---- Input data

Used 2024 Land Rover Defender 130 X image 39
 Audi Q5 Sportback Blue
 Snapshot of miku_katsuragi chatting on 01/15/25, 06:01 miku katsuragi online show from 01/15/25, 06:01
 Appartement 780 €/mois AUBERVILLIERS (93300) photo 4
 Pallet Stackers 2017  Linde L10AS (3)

--------

Nothing in the records should change when you repeat them all.

Used 2024 Land Rover Defender 130 X image 39
 Audi Q5 Sportback Blue
 Snapshot of miku_katsuragi chatting on 01/15/25, 06:01 miku katsuragi online show from 01/15/25, 06:01
 Appartement 780 €/mois AUBERVILLIERS (93300) photo 4
 Pallet Stackers 2017  Linde L10AS (3)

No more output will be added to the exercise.